And most of the Americans said, “Huh. So that’s it?” And one Canadian, regaining the sense of perspective that is what we normally expect from Canadians, said, “Hey, we’re the best at the 10th-most-popular-sport in the world!” Which is what I had been thinking, except that I might have said something like 15th or 20th.

Clearly, Canada really, really, really wanted to win the hockey gold. One of them even said that all the other gold medals they won at these Olympics (A winter record 14, one of the more-like-Americans-all-the-time Canadians announced.) would not be remembered if Canada didn’t win the hockey gold. Well, gee, if it’s that important to you, we can tell our 137 hockey fans back home to sit down and be quiet and you can have the gold. Silver isn’t so bad.

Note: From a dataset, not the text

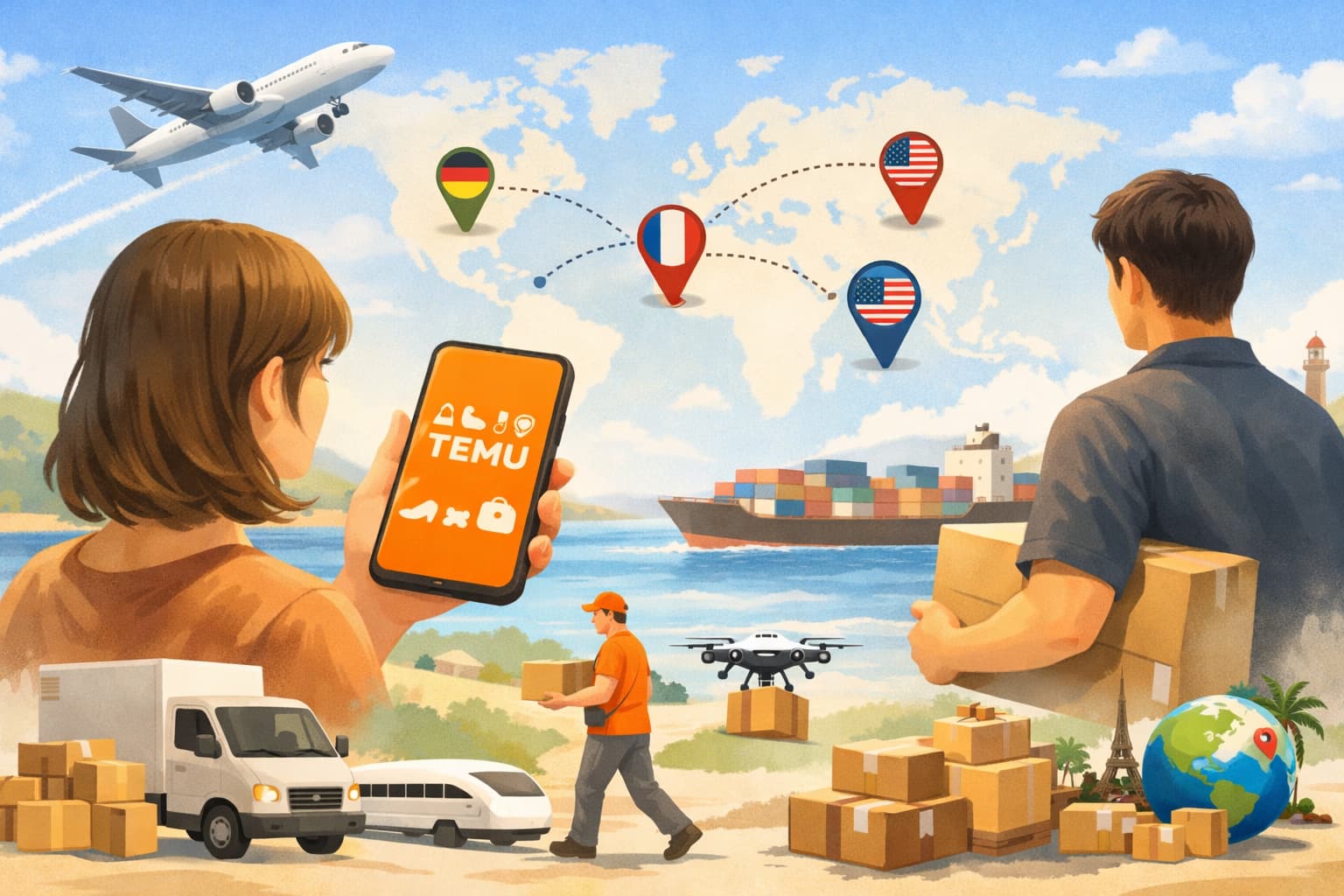 Internationale Versandoptionen von Temu im Überblick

As a couple of us Yanks were leaving, our host broke out a bottle of champagne and shook it up and popped the cork and spilled a fair amount of bubbly on a rug while filling the glasses of the celebrating Maple Leafers. OK, then. His wife was asleep (how she managed that, with so much noise in the living room, I have no idea), and I wondered how long it would take her to notice the sticky spot on the rug … But since it happened after winning Olympic gold at home over the Yanks … heck, drench the rug with red wine,  if you want. Set off some firecrackers, too.

The host thanked me for coming, and shook my hand, and I thanked him for letting me come over and said, “Congratulations. Your guys were better.”

So, I didn’t miss the entirety of the Vancouver Olympics. Saw the hockey game live,  and got to see what Canadians look like when they’re so nervous they might puke.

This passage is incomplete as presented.